### Your objective
All of the records below are to be given again word for word, with the pictures removed.

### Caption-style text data
+---+

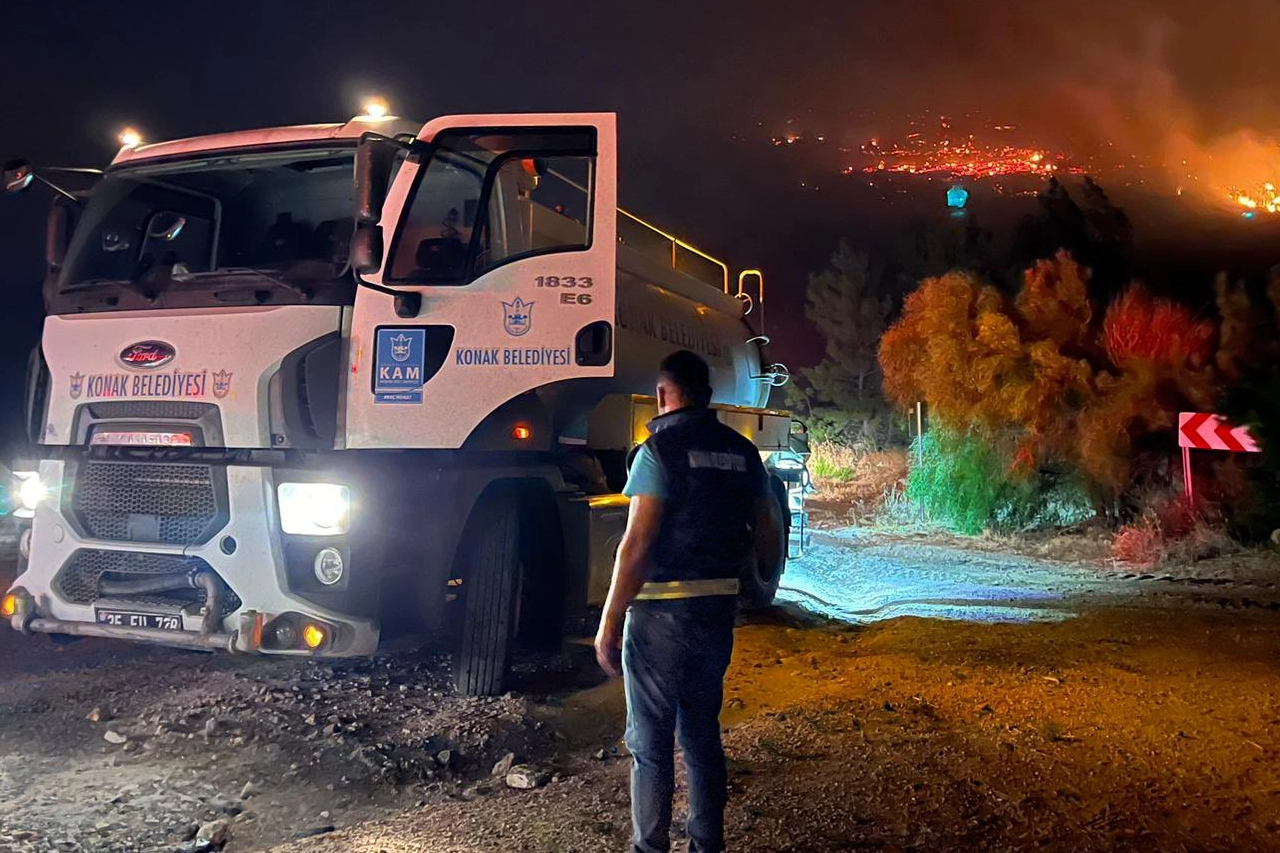 Urla Balıklıova'daki yangın söndürme çalışmalarına Konak Belediyesi’nden destek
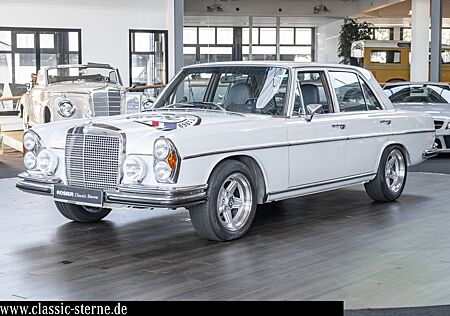 Mercedes-Benz 280 SE 3.5 W108 Rallye-Umbau Weiße Sau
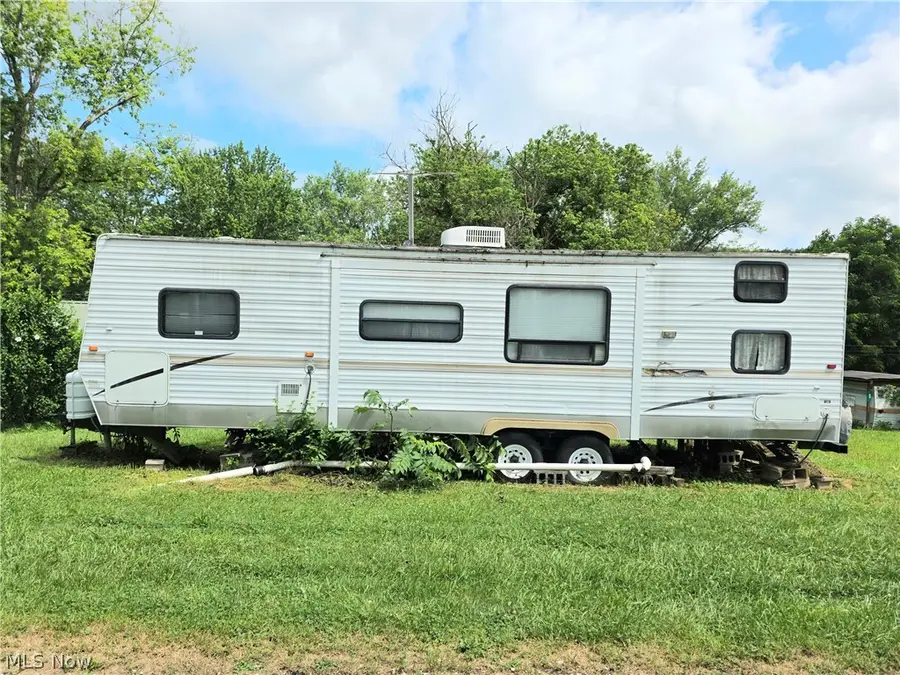 99 E Apple Blossom Way, Elizabeth, WV 26143 - #2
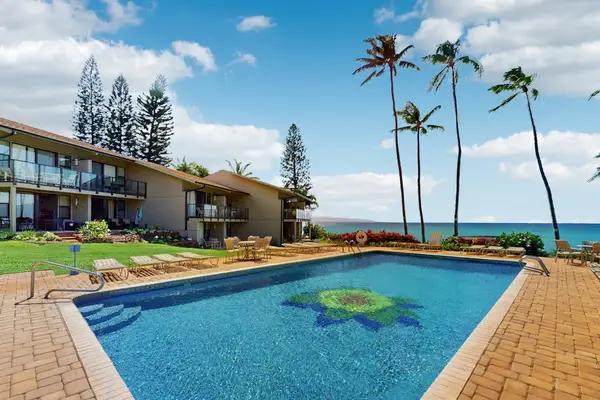 Refreshing Oceanfront Pool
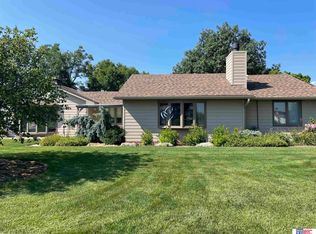 1621 E 5th St, York, NE 68467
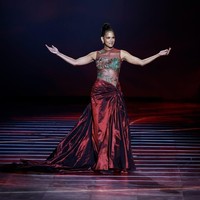 Wanita 58 tahun ini mengenakan gaun yang mencuri perhatian dan membuat para fans bernostalgia. Foto: Instagram/@halleberry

+---+

### Answer for the task
 Urla Balıklıova'daki yangın söndürme çalışmalarına Konak Belediyesi’nden destek
 Mercedes-Benz 280 SE 3.5 W108 Rallye-Umbau Weiße Sau
 99 E Apple Blossom Way, Elizabeth, WV 26143 - #2
 Refreshing Oceanfront Pool
 1621 E 5th St, York, NE 68467
 Wanita 58 tahun ini mengenakan gaun yang mencuri perhatian dan membuat para fans bernostalgia. Foto: Instagram/@halleberry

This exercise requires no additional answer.